→ **Problem requirements**
With pictures left out, copy exactly every line from the one containing "Open Your Heart" through the end of the material.

→ **Source material**
+---+
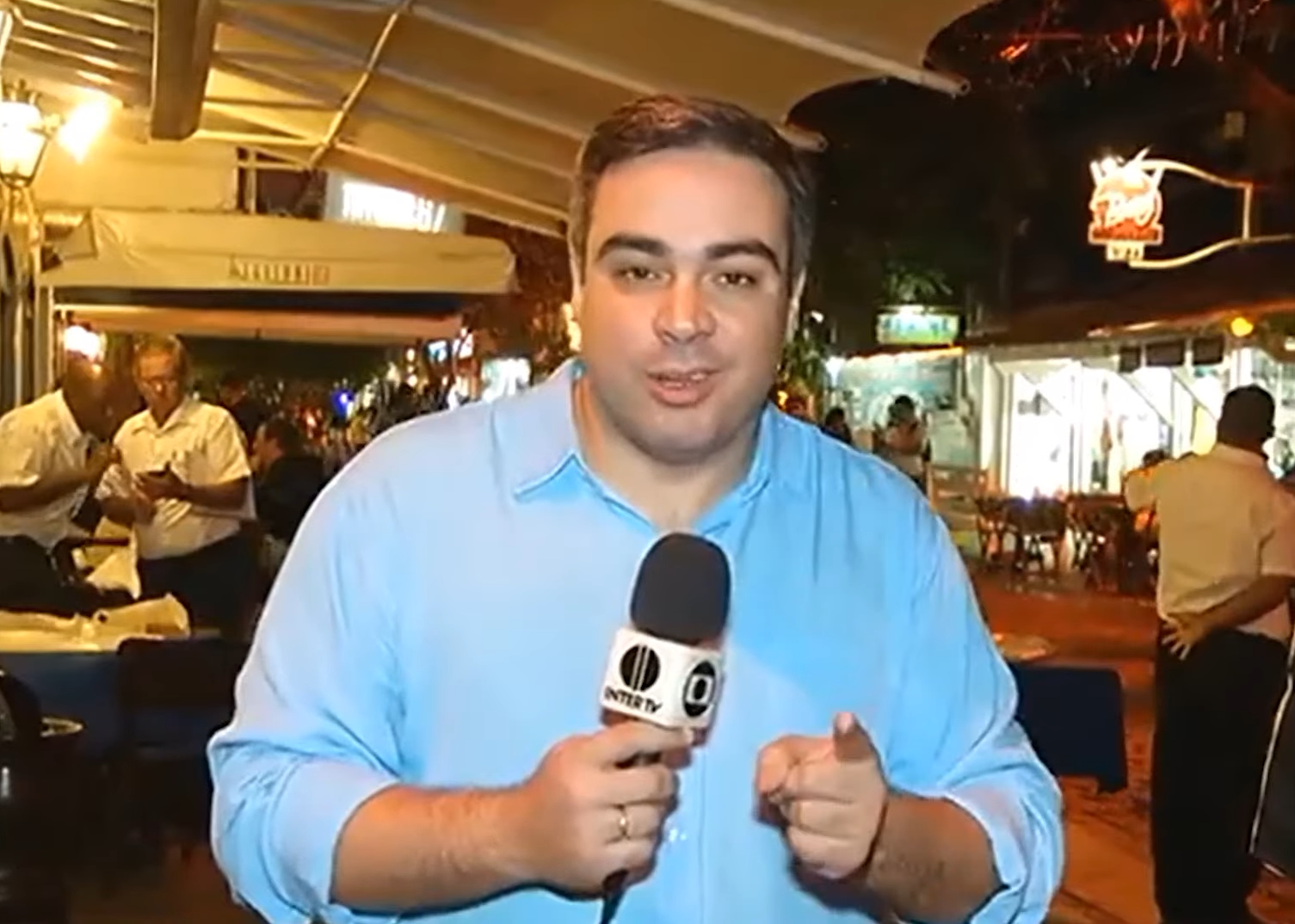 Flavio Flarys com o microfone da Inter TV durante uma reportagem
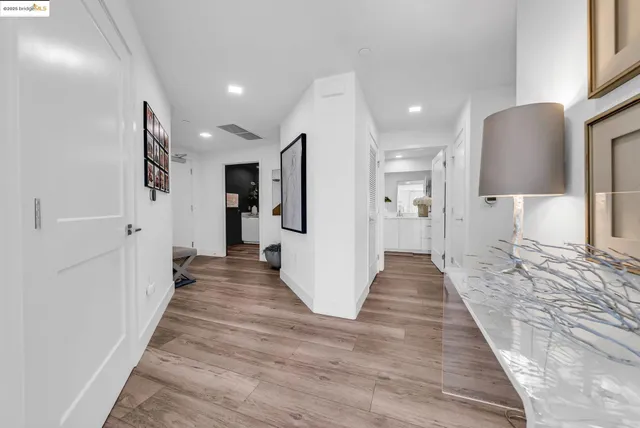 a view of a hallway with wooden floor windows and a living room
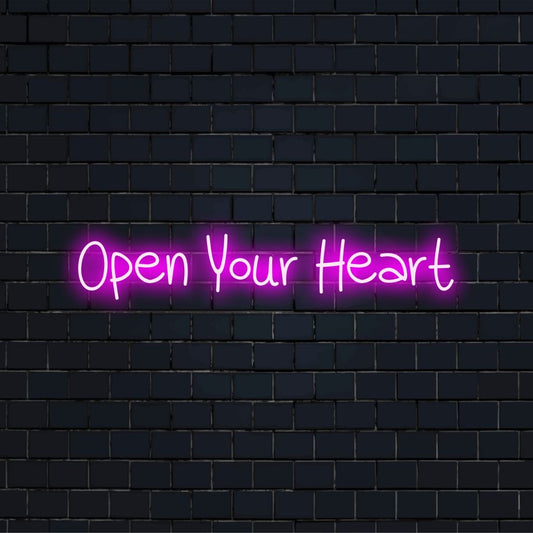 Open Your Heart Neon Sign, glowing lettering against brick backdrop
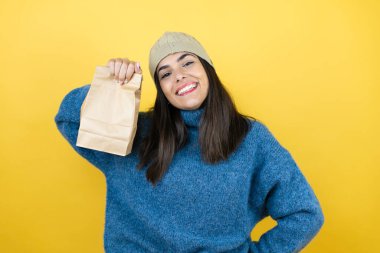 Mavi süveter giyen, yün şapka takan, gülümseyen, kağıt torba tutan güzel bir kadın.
+---+
→ **Response box**
 Open Your Heart Neon Sign, glowing lettering against brick backdrop
 Mavi süveter giyen, yün şapka takan, gülümseyen, kağıt torba tutan güzel bir kadın.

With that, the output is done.